"Web browser developer Opera Software wants to help you tell your TV to check what's on, thanks to the launch of a voice-enabled TV guide. The Oslo, Norway, company's Electronic Program Guide (EPG) is based on IBM's ViaVoice implementation of the XHTML+Voice (X+V) multimodal markup language specification currently wending its way through the Worldwide Web Consortium (W3C) standards process. The company plans to roll out a voice-enabled version of its desktop PC Web browser in late March or early April 2005. Officials said the technology is suited to any number of digital home entertainment components, such as DVD players and digital video recorders; it also focuses on the benefits voice technology would have on the cable or satellite set-top boxes. Now, instead of wading through programming on hundreds of channels by remote, users can tell the set-top box, "find me a documentary," or "find G-rated fare" in order to display the relevant shows."

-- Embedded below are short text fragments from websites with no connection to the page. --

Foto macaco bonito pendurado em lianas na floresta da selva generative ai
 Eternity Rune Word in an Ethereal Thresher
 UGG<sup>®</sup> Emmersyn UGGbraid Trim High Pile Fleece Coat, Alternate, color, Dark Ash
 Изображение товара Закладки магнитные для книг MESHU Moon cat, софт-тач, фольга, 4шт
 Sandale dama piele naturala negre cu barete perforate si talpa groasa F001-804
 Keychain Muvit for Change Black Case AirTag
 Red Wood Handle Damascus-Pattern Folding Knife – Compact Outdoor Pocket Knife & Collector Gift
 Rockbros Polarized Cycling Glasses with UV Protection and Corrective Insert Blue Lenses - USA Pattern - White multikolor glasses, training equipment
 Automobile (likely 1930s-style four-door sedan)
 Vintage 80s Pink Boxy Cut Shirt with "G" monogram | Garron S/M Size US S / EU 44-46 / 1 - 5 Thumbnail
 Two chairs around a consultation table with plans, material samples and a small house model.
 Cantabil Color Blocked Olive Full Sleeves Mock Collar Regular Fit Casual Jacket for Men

Nice article on voice browsing on different end user devices. I wonder about the effectiveness and usability of voice-enabled PC and mobile browsers due to the more open and complex nature of the fixed and mobile Web and the limited appeal of TV for these devices at this point. I can imagine the benefits of this innovation within set-top-boxes or PVRs considering its more closed and thus searchable nature as well as the TV as a logical device for watching TV. Of course, this is all changing at this moment due to the rise of different home networking solutions (from PC to TV and from mobile to TV). I also wonder how long it will take before FireFox and Microsoft Internet Explorer will offer similar functionality. Opera seems to be effectively targeting high growth end user devices like mobile phones and PVRs/STBs.
Voice browsing seems like a nice-to-have innovation and not a need-to-have due to the limited time gains relative to data driven search queries. Additionally, voice enabled applications in my view seem be limited in use and market potential due the social nature of some end user devices in particular circumstances.